Comment l'effet de serre a-t-il été découvert?

Au cœur de la problématique du réchauffement climatique se trouve l’effet de serre. Pourtant, savez-vous comment ce dernier a été mit en évidence? Un retour sur l’histoire de la climatologie amène des éléments inattendus.

Cette soirée de 1859, la pluie tombait sur les pavés de Piccadilly Circus (célèbre place se trouvant à Londres en Angleterre) sur lesquels s’étiraient de longs reflets argentés émanant des becs de gaz. Un fiacre, arrivant de Shaftesbury Avenue rompit le silence de la nuit. Il emprunta ensuite Regent Street, où il disparut, ne laissant derrière lui que l’écho déclinant du bruit de sabots dans les dédales de la cité. Non loin, sur Albemarle Street, se trouvait un grand bâtiment. Sous le fronton, soutenu par de lourdes colonnes et sur lequel des lettres gravées dans la pierre indiquaient « The Royal Institution of Great Britain » (Institution royale de Grande Bretagne), malgré l’heure tardive, une fenêtre était toujours illuminée. Sous la lumière vacillante des becs Bunsen (appareils de laboratoire permettant de générer une flamme avec du gaz), un scientifique auscultait une étrange machine qu’il venait de terminer d’assembler. Puis il s’approcha de ses tuyaux, tourna des vannes, un sifflement se fit entendre et du dioxyde de carbone emplit un long tube. Cette expérience devait résoudre une des plus grandes énigmes de la science de l’époque. Il était alors connu que la Terre avait traversé des ères glacières ; comment était-ce possible que le climat se soit modifié de façon aussi drastique ? La science s’était déjà penchée sur cette question. Joseph Fourrier, un physicien français, avait proposé en 1824 que ces changements climatiques venaient de modifications de la composition de l’atmosphère terrestre. Comment était-il arrivé à cette conclusion ? Les chercheurs savaient alors que notre planète, de par la chaleur qu’elle reçoit du Soleil, devrait être tellement froide que toute sa surface pourrait être recouverte de glace. Il fut donc postulé que quelque chose y retenait la chaleur. Joseph Fourrier fit alors l’expérience suivante : il mit une boîte sur laquelle se trouvait une vitre sous le soleil. Il constata alors que la température augmentait à l’intérieur de son dispositif. D’après lui, l’atmosphère jouait le même rôle pour le globe que le verre pour la boîte. Cette expérience allait plus tard inspirer le nom du phénomène qu’il avait découvert : l’effet de serre.
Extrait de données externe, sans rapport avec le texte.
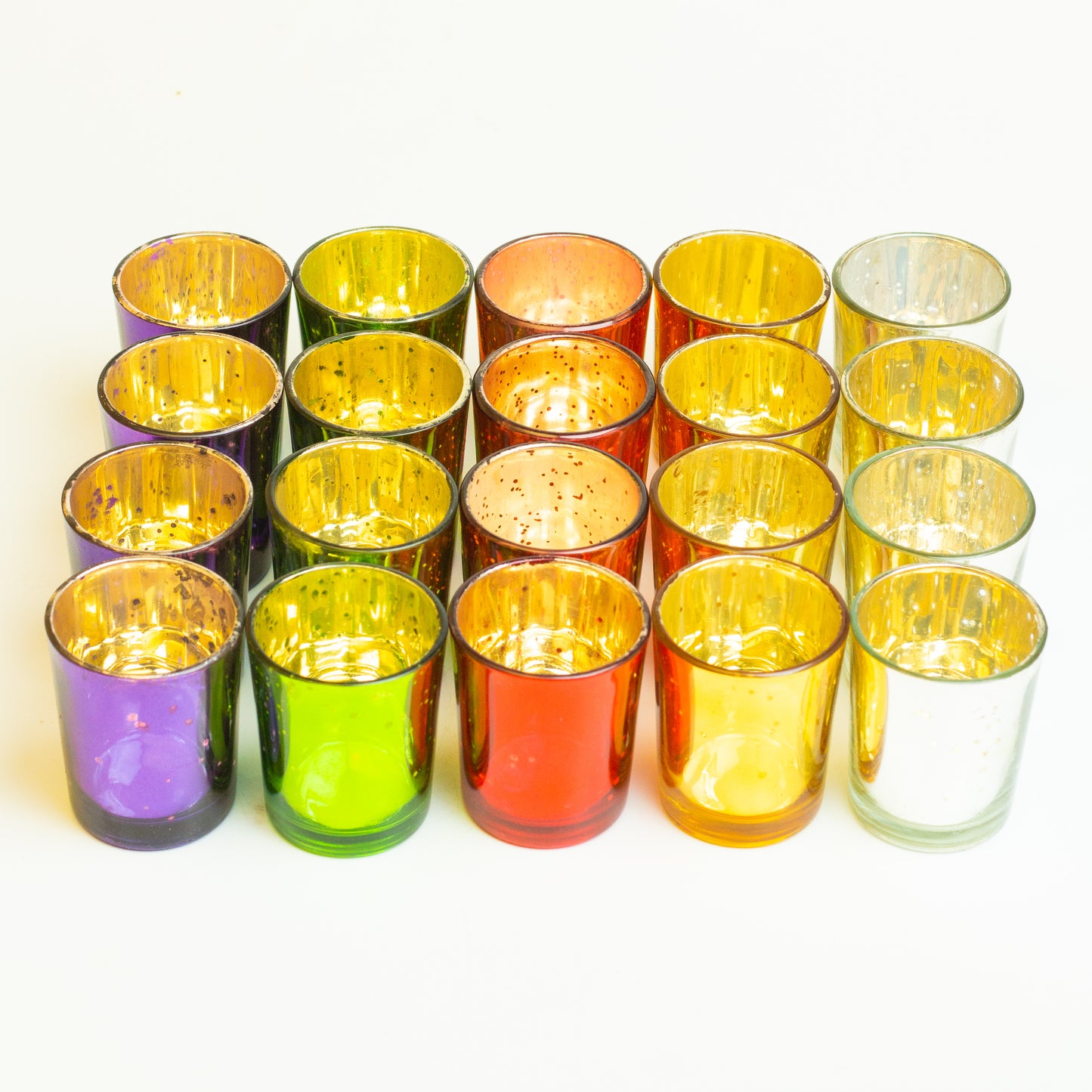 AuraDecor Set of 20 Mercury Votive Glass Tealight Candle Holders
L’effet de serre est mal nommé !
Pourtant, cette analogie est erronée. La raison pour laquelle la température augmente à l’intérieur de la boîte ou la serre est que l’air y est confiné. On peut se rendre compte de ceci en ouvrant une fenêtre dans une serre: la température diminue alors jusqu’à être identique à celle de l’extérieur. Dans le cadre de l’effet de serre de l’atmosphère, celui-ci vient du fait que cette dernière laisse entrer la lumière solaire mais filtre le rayonnement infrarouge comme nous allons le voir ci-après. Une vitre n’a pas de telles propriétés. L’effet de serre est donc mal nommé !
Pourtant, ce modèle alors accepté comme valide, la question était comment l’atmosphère joue-t-elle le rôle de la vitre ? C’est précisément à cette question que devait répondre les expériences que notre scientifique de la Royal Institution, John Tyndall, avait mit au point.












John Tyndall

La première étape fut d’extraire des gaz constituant l’air comme l’oxygène, l’azote, la vapeur d’eau et le CO2. Le dioxyde de carbone était alors obtenu en distillant de l’air (la distillation est un processus qui permet en chauffant de séparer des substances chimiques). Se pose alors une autre question : les rayons du soleil traversent l’atmosphère pour venir chauffer la Terre. Si cette chaleur est venue de l’univers, pourquoi est-ce qu’elle ne peut pas complètement y retourner et qu’elle réchauffe ainsi la Terre ? L’énergie qui nous provient du cosmos va réchauffer le sol et les océans. Ceux-ci vont ensuite se refroidir en émettant ce que Joseph Fourrier appelait une « chaleur obscure ». Cette dernière va être ‘’prisonnière’’ de l’atmosphère.
Une lumière invisible
Quelle est cette mystérieuse chaleur ? En 1800, une découverte lui avait donné un visage. Un compositeur et astronome anglais, Sir Frederick William Herschel, était en train de faire une expérience avec un prisme (il s’agit d’un élément transparent qui va décomposer la lumière en différentes couleurs, comme le font les gouttes d’eau lorsqu’il y a un arc-en-ciel).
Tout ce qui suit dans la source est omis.